Dutch composer (born 1972)

Astrid Kruisselbrink (born 9 February 1972) is a Dutch composer. While studying at the Rotterdam Conservatory (1993–99) she won first prize at the European Young Women Composers Contest with the choral work Zijn lippen zijn uw lippen (His Lips are Your Lips). In 1998, her Spin for soprano and ensemble was selected for the international Gaudeamus Music Week for young musicians. Just before graduation, her composition In for orchestra was selected for the Project Jonge Componisten (Project Young Composers) and performed by the Balletorchestra, conducted by Richard Dufallo. She has since composed for various ensembles and choirs. During and after her studies she studied briefly with Luciano Berio, Betsy Jolas, Louis Andriessen and György Kurtag.

==Biography==
Born in the Dutch town of Velsen, from the age of nine she received piano lessons, both classical and jazz. In 1993, she entered the Rotterdam Conservatory (Codarts) where she studied composition under Klaas de Vries, Peter-Jan Wagemans ánd René Uijlenhoet, graduating cum laude in 1999.

Notable works include String quartet (2000) recorded and performed by the Doelenkwartet. Pra (2003) for orchestra and soprano was performed by Monique Krüs and Het Gelders Orkest conducted by Hans Leenders. Strijklicht (2007) for stringorchestra, was performed by the Het Rotterdams Kamerorkest conducted by Conrad van Alphen. Her piano composition Apen en Beer (Ape and Bear) with a piece for each letter in the alphabet was published in 2009. The work was premiered in Rotterdam in December 2009 when 30 young pianists performed the items on different animals. In 2011, her chamberopera The Reclining Woman, based on sculptures by Henry Moore, was performed by Muziektheater de Helling in cooperation with the ensemble Nieuw Amsterdams Peil. October 2015, the Asko/Schönberg ensemble, conducted by Reinbert de Leeuw, performed Die Klage um Linos, for ensemble and countertenor. In 2017, together with mezzo-soprano Antje Lohse, Stichting Knars and the Kröller-Müller Museum, she created the theatrical concert Menschen-Worte with poems of poet and visual artist Hans Arp.

Over the years, in addition to work commissioned by orchestra, choir, ensembles and individual musicians, she has composed for the theatre and for children.
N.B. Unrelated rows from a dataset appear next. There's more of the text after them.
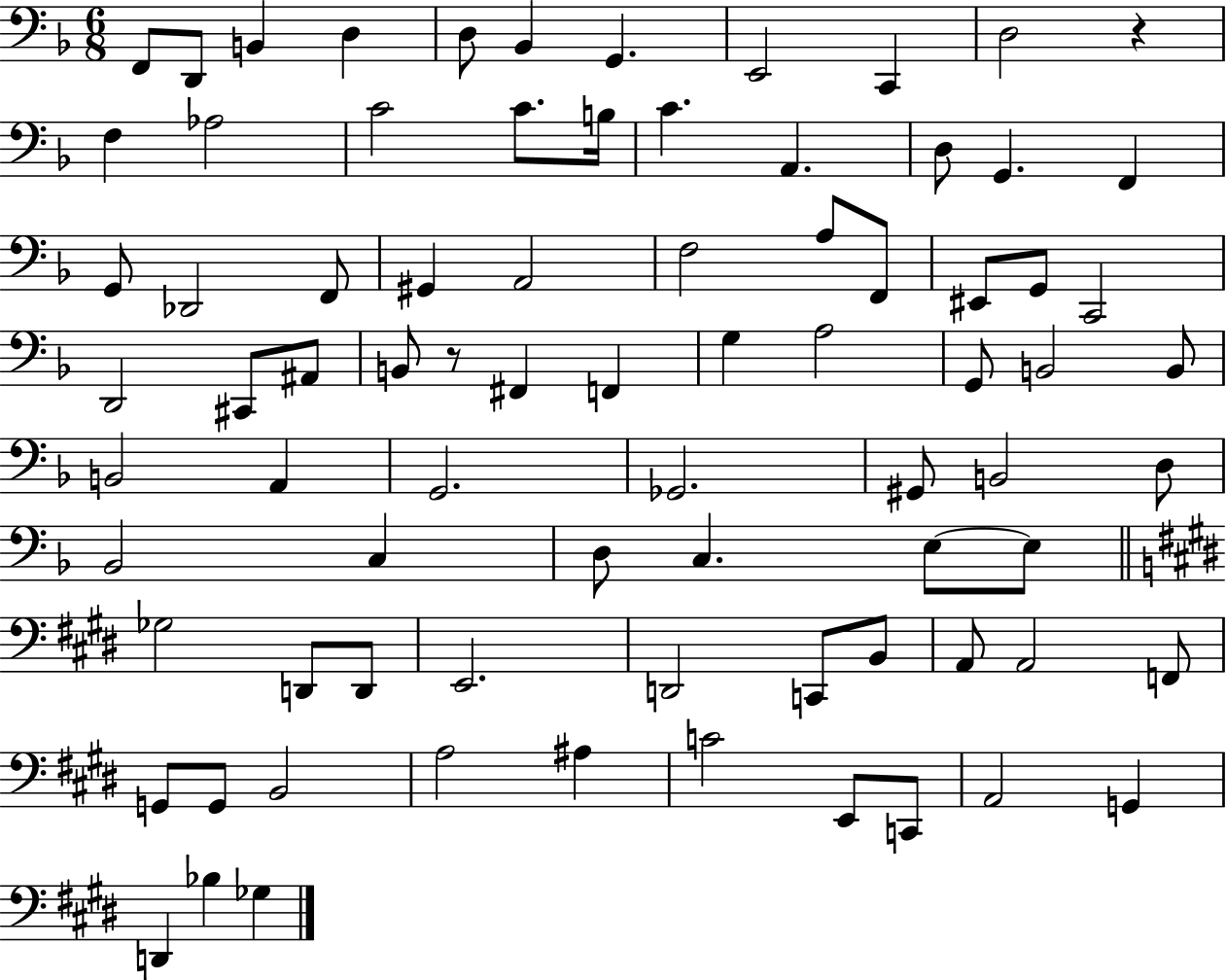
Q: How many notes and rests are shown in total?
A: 80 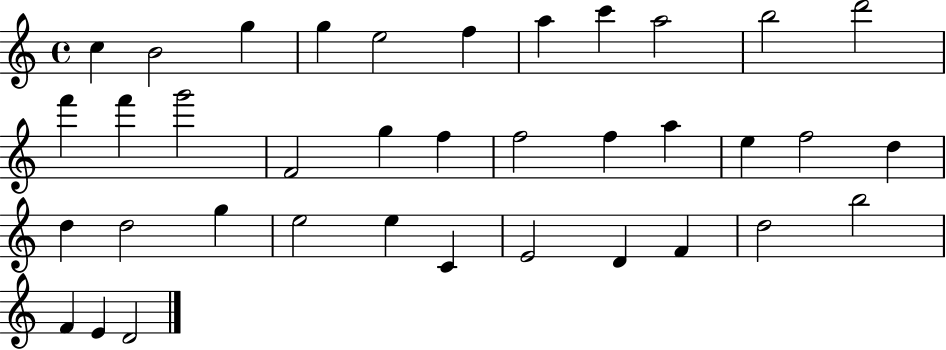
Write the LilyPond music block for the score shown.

{
  \clef treble
  \time 4/4
  \defaultTimeSignature
  \key c \major
  c''4 b'2 g''4 | g''4 e''2 f''4 | a''4 c'''4 a''2 | b''2 d'''2 | \break f'''4 f'''4 g'''2 | f'2 g''4 f''4 | f''2 f''4 a''4 | e''4 f''2 d''4 | \break d''4 d''2 g''4 | e''2 e''4 c'4 | e'2 d'4 f'4 | d''2 b''2 | \break f'4 e'4 d'2 | \bar "|."
} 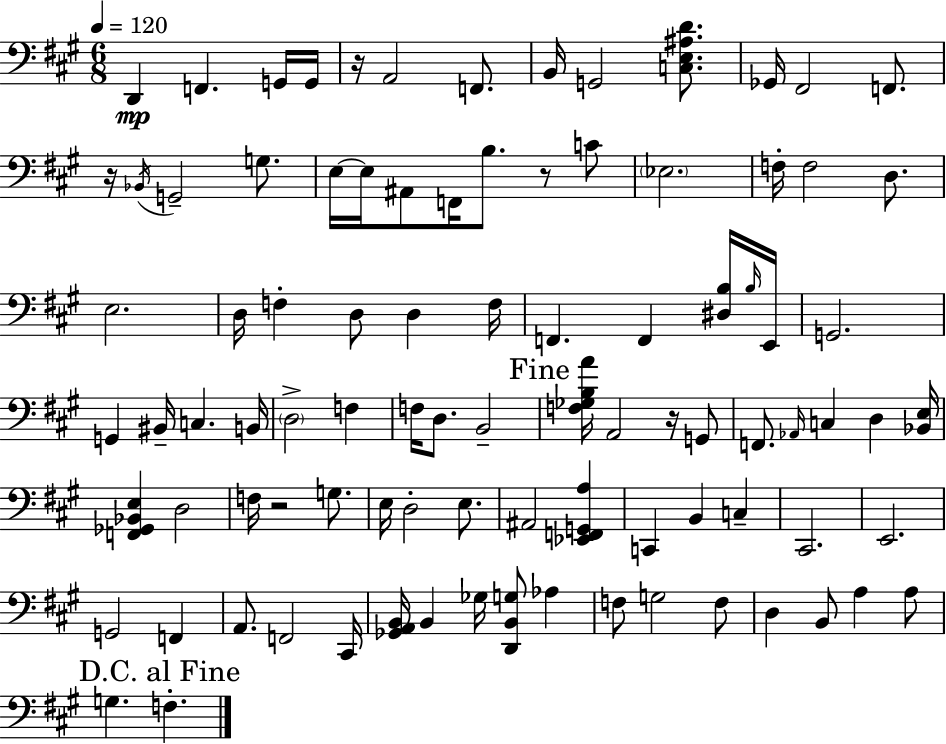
D2/q F2/q. G2/s G2/s R/s A2/h F2/e. B2/s G2/h [C3,E3,A#3,D4]/e. Gb2/s F#2/h F2/e. R/s Bb2/s G2/h G3/e. E3/s E3/s A#2/e F2/s B3/e. R/e C4/e Eb3/h. F3/s F3/h D3/e. E3/h. D3/s F3/q D3/e D3/q F3/s F2/q. F2/q [D#3,B3]/s B3/s E2/s G2/h. G2/q BIS2/s C3/q. B2/s D3/h F3/q F3/s D3/e. B2/h [F3,Gb3,B3,A4]/s A2/h R/s G2/e F2/e. Ab2/s C3/q D3/q [Bb2,E3]/s [F2,Gb2,Bb2,E3]/q D3/h F3/s R/h G3/e. E3/s D3/h E3/e. A#2/h [Eb2,F2,G2,A3]/q C2/q B2/q C3/q C#2/h. E2/h. G2/h F2/q A2/e. F2/h C#2/s [Gb2,A2,B2]/s B2/q Gb3/s [D2,B2,G3]/e Ab3/q F3/e G3/h F3/e D3/q B2/e A3/q A3/e G3/q. F3/q. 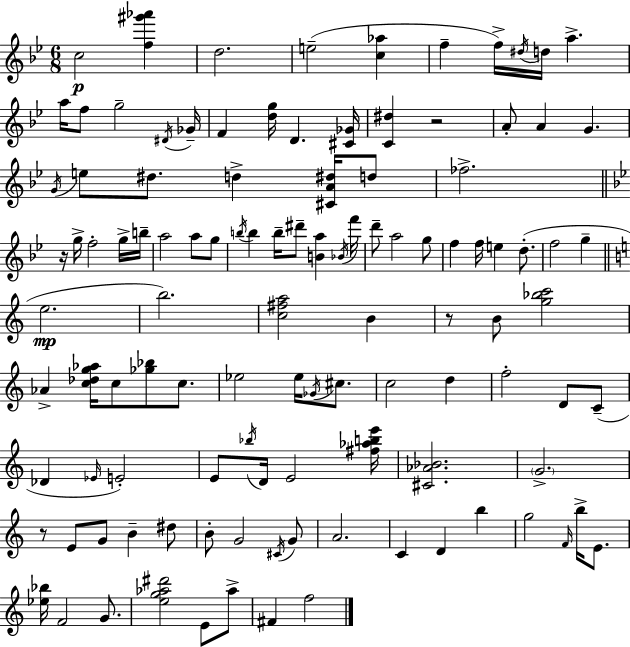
C5/h [F5,G#6,Ab6]/q D5/h. E5/h [C5,Ab5]/q F5/q F5/s D#5/s D5/s A5/q. A5/s F5/e G5/h D#4/s Gb4/s F4/q [D5,G5]/s D4/q. [C#4,Gb4]/s [C4,D#5]/q R/h A4/e A4/q G4/q. G4/s E5/e D#5/e. D5/q [C#4,A4,D#5]/s D5/e FES5/h. R/s G5/s F5/h G5/s B5/s A5/h A5/e G5/e B5/s B5/q B5/s D#6/e [B4,A5]/q Bb4/s F6/s D6/e A5/h G5/e F5/q F5/s E5/q D5/e. F5/h G5/q E5/h. B5/h. [C5,F#5,A5]/h B4/q R/e B4/e [G5,Bb5,C6]/h Ab4/q [C5,Db5,G5,Ab5]/s C5/e [Gb5,Bb5]/e C5/e. Eb5/h Eb5/s Gb4/s C#5/e. C5/h D5/q F5/h D4/e C4/e Db4/q Eb4/s E4/h E4/e Bb5/s D4/s E4/h [F#5,Ab5,B5,E6]/s [C#4,Ab4,Bb4]/h. G4/h. R/e E4/e G4/e B4/q D#5/e B4/e G4/h C#4/s G4/e A4/h. C4/q D4/q B5/q G5/h F4/s B5/s E4/e. [Eb5,Bb5]/s F4/h G4/e. [E5,G5,Ab5,D#6]/h E4/e Ab5/e F#4/q F5/h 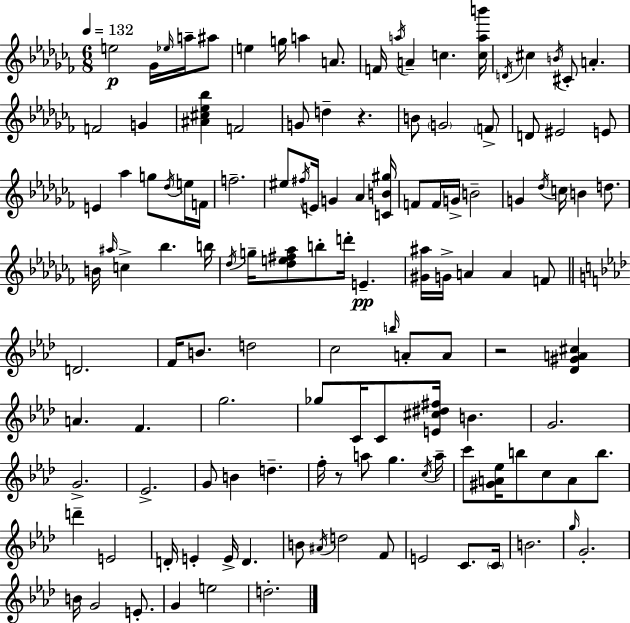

Her children's opera Fietsen (Cycling), based on a book by Gregie de Maeyer, was performed at Antwerp's Het Paleis in 1999. In 2009, young actors/singers of the Bürgerhaus Weserterrassen in Bremen, together with the Lithuanian Youthorchestra, performed Schwarz wie Tinte, based on the book Zwart als inkt (1998) by the Dutch writer and visual artist Wim Hofman.

Astrid Kruisselbrink lives in Gouda with her husband and two sons.